Restate, word for word and with no pictures, the stretch of lines in the data below that begins at the line with "RTX 5060, Серый" and ends at the line with "Juguete Cactus Parlante", inclusive.
*** EXTRACTED INFORMATION ***
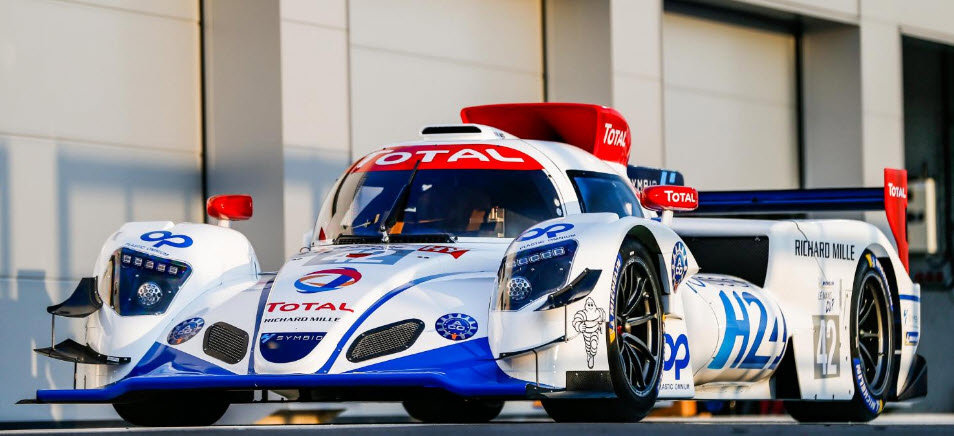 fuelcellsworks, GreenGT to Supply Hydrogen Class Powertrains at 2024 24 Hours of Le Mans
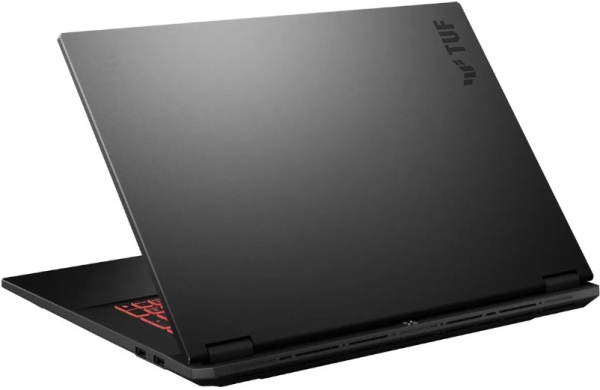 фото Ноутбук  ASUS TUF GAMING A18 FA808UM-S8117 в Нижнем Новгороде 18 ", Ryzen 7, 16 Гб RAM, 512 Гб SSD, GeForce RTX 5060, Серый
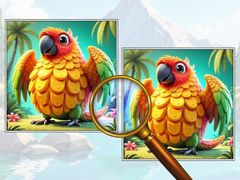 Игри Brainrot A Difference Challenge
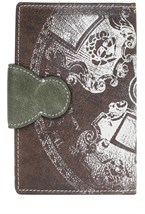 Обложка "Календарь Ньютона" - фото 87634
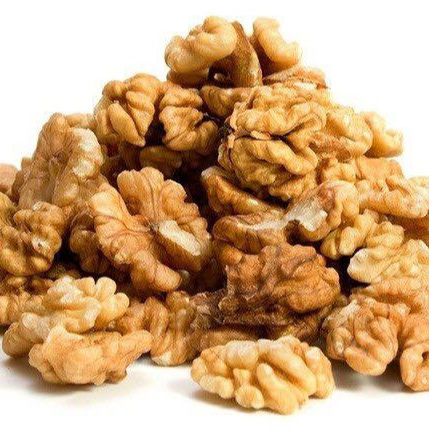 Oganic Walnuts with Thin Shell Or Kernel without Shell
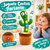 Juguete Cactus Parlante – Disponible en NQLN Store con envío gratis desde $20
*** End of EXTRACTED INFORMATION ***
*** EXTRACTED INFORMATION ***
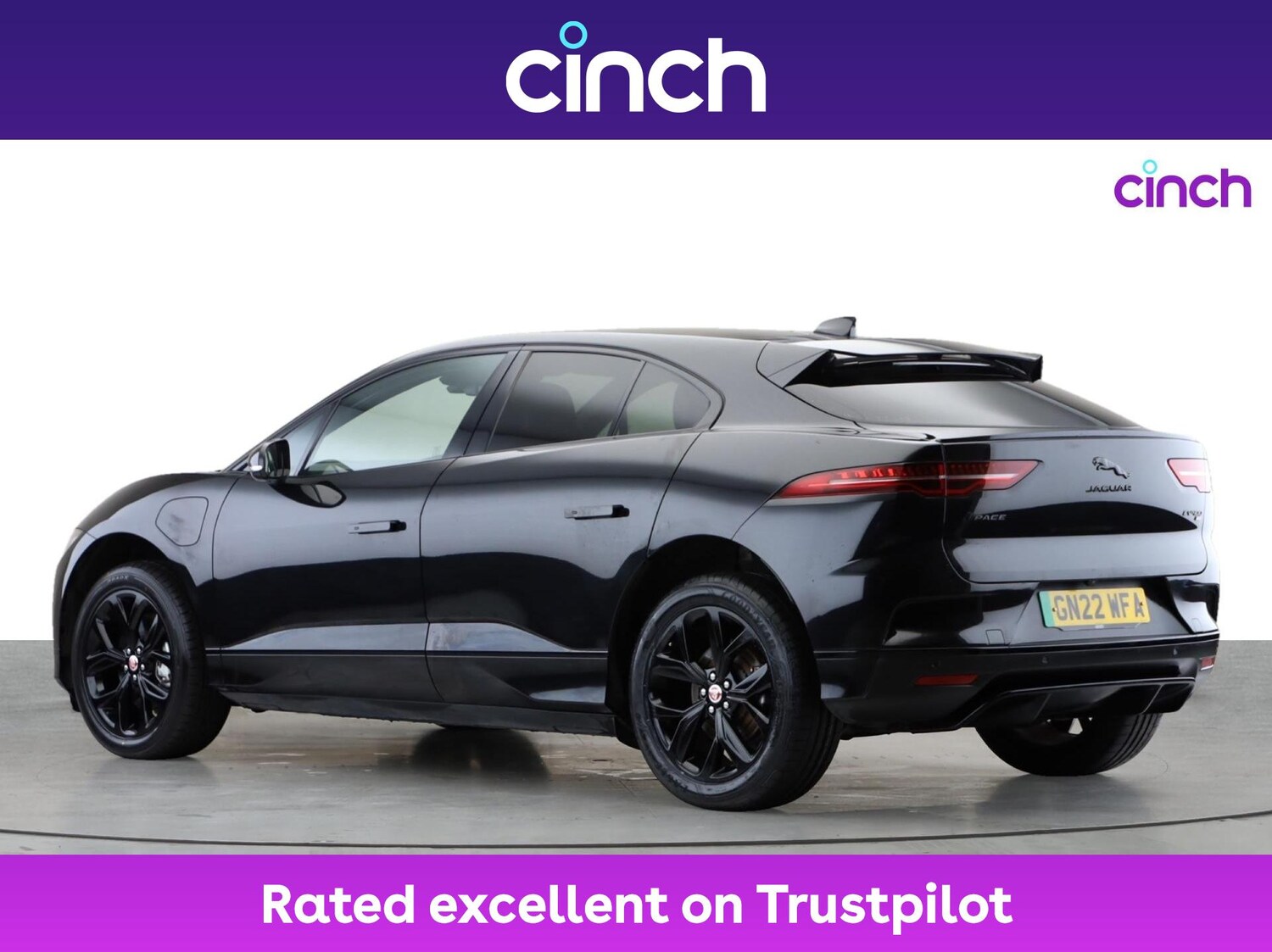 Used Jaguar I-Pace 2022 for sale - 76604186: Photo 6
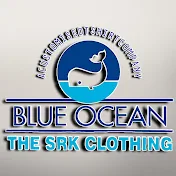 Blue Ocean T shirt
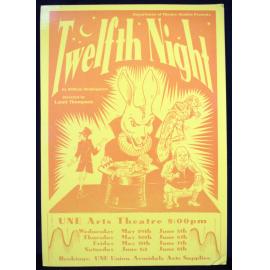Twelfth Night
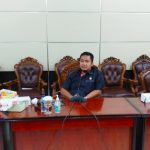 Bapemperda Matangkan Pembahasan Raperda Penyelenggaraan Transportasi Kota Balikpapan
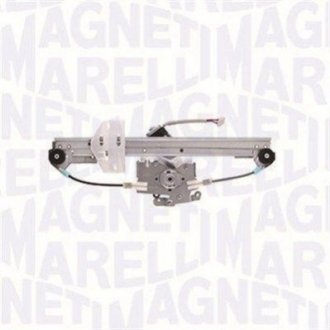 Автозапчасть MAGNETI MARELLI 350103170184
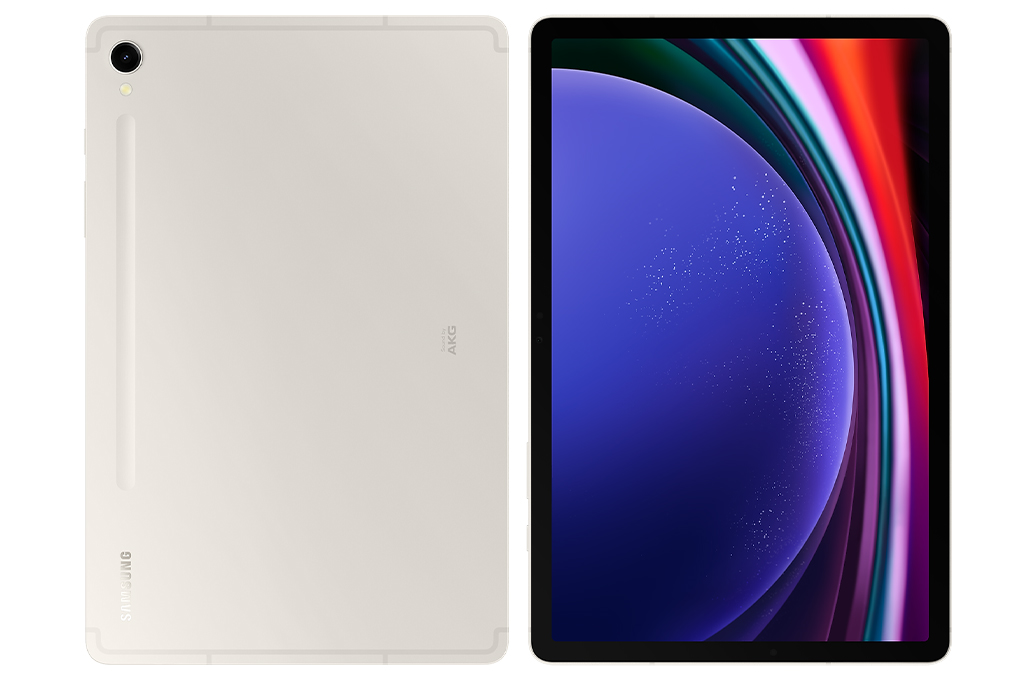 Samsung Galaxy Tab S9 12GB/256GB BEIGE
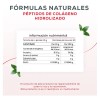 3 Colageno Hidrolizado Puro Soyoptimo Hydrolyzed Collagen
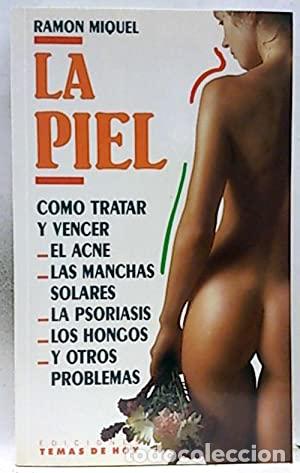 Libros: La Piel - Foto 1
*** End of EXTRACTED INFORMATION ***
TASK OUTPUT:
 фото Ноутбук  ASUS TUF GAMING A18 FA808UM-S8117 в Нижнем Новгороде 18 ", Ryzen 7, 16 Гб RAM, 512 Гб SSD, GeForce RTX 5060, Серый
 Игри Brainrot A Difference Challenge
 Обложка "Календарь Ньютона" - фото 87634
 Oganic Walnuts with Thin Shell Or Kernel without Shell
 Juguete Cactus Parlante – Disponible en NQLN Store con envío gratis desde $20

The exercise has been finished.